Editorials

Long term care of older people

BMJ 1996; 312 doi: https://doi.org/10.1136/bmj.312.7035.862 (Published 06 April 1996) Cite this as: BMJ 1996;312:862
  1. Edward Dickinson
  1. Senior clinical research fellow Research unit Royal College of Physicians, London NW1 4LE

    Strategic management would stop people going too early to the wrong place

    Car manufacturers have responded radically to the challenge of global competition; they have revolutionised assembly through technology, just-in-time inventories, team working, and a focus on quality; they have optimised component supply by forging long term contracts based on mutual help and trust; they have introduced customer focus into relationships with car purchasers. This exemplifies how industry has recognised the need for effective strategic management when crisis looms. Why then, when Britain faces the unprecedented strategic challenge of the long term care of older people, is there increasing evidence of strategic drift? Two issues are of particular concern and may lead to increased costs: they are the poor assessment of eligibility of older people for long term care, and poor quality of care.

    Evidence of the present inadequacy of eligibility assessment in Britain is beginning to emerge.1 A recent audit report disclosed a disturbing level of inappropriate placement, even after poor documentation was allowed for;2 only 11% of nursing home residents were definitely appropriate for nursing home care, and 54% possibly appropriate; the rest were probably more suitable for home or residential care. The lifetime cost, estimated by the authors, is £42250 per misplaced resident.

    Social services are responsible for eligibility assessment and must take much of the blame. Assessment methods are neither standardised nor systematic. (The Joseph Rowntree Foundation has commissioned a study of existing methods to improve this.3) The audit also showed that documentation was poor, with the result that the knowledge base of the multidisciplinary team in health care of older people is not being properly deployed. There was no medical information in 40% of cases, no social information in 70%, no nursing information in 35%, no occupational therapy information in 93%, and no physiotherapy information in 90%.

    But social services should not take all the blame. Major responsibility lies within the secondary health care system, since most older people entering long term care come from acute hospitals - 82% in this audit.2 The growing focus on acute medicine is marginalising rehabilitation,4 5 despite evidence of its effectiveness.

    The second likely contributor to high costs is the poor quality of care; documented examples range from failure to preserve individuals' privacy, to inappropriate use of drugs and mismanagement of incontinence.2 8 Legislation and inspection, though a necessary protection, are unlikely to ensure high quality care. Other approaches, such as clinical audit which empower staffs,9 are now being introduced.

    The difficulties with assessing eligibility and ensuring quality indicate the urgent need for some form of strategic review. Strategic management, which aims to match up where you are, what you have, and what you want to do, could bring together disparate information, activities, and stakeholders. It might include several approaches. First, the strategic environment could be evaluated using tools such as PEST analysis (which looks at political, economic, social, and technological factors) and scenario modelling. International comparisons may be useful; in Australia no one enters long term care without seeing a geriatric assessment team; in Japan a 10 year “Gold Plan” is being implemented by the ministry of health and welfare to tackle the longevity revolution; in Norway the government's health board is developing a major investment plan in specialist health services for older people.

    A second approach would be to identify the resources that are available to optimise long term care.

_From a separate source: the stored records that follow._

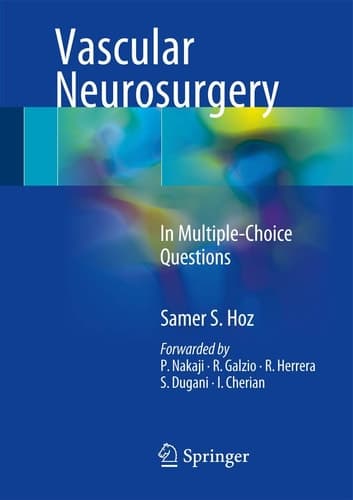 Vascular Neurosurgery In Multiple-Choice Questions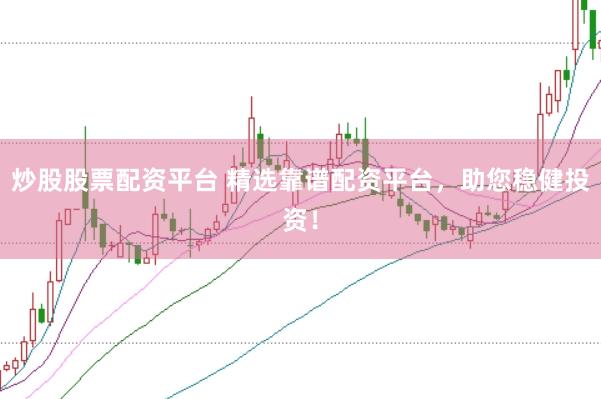 炒股股票配资平台 精选靠谱配资平台，助您稳健投资！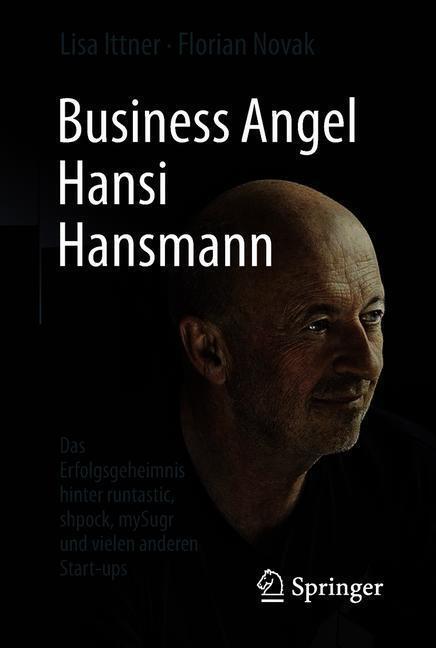 Cover: 9783658213817 | Business Angel Hansi Hansmann | Lisa Ittner (u. a.) | Buch | Springer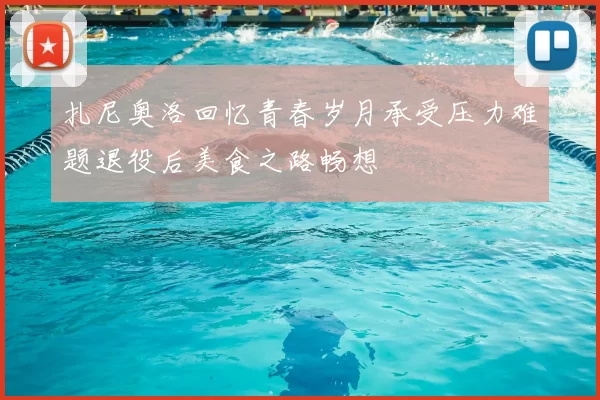 扎尼奥洛回忆青春岁月承受压力难题退役后美食之路畅想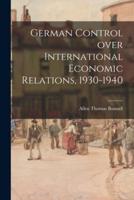 German Control Over International Economic Relations, 1930-1940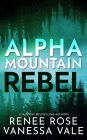 Rebel: A Mountain Man Mercenary Romance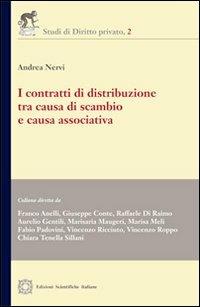 I contratti di distribuzione tra causa di scambio e causa associativa - Andrea Nervi - Libro Edizioni Scientifiche Italiane 2012, Studi di diritto privato | Libraccio.it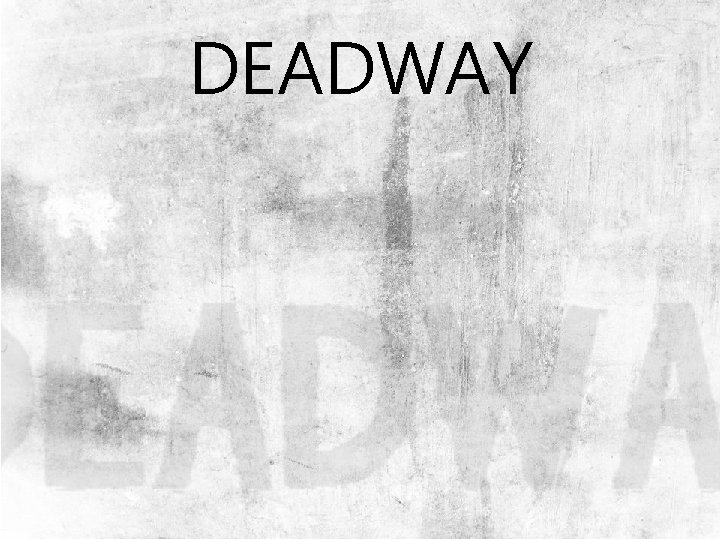 DEADWAY 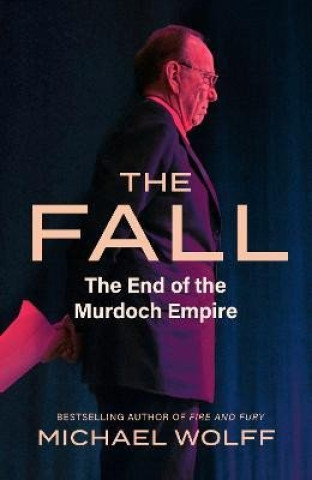 Kniha The Fall: The End of the Murdoch Empire Michael Wolff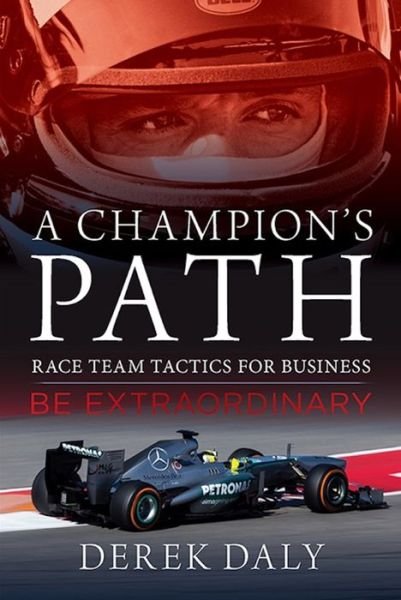 Cover for Derek Daly · A Champion's Path: Race Team Tactics for Business be Extraordinary (Inbunden Bok) (2017)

These might include the knowledge base (which is apparently not being properly used2), people and their skills, and funding.

    Thirdly, in considering the future of long term care, it would be necessary to understand the perspectives of stakeholders: consumers (older people of current and future generations and their families); providers (the long term care industry); purchasers (both social services and the insurance industry); the health service (primary and secondary); the research community; and government.

    This audit report tells a tale of perverse incentives, dysfunctional relationships, and inappropriate time horizons. If it is generalisable to the rest of Britain, there is a severe problem with the entry to nursing home care which has long term implications for individuals, organisations, the health of the population, and the national economy. If we continue to adopt what has been described as a “prosthetic” rather than a therapeutic approach to the long term care of older people,10 the consequences for future generations may well be devastating. There is a need for national strategic development to stop people going too early to the wrong place. Agreeing a better way forward would be appropriate before the international year of older persons in 1999.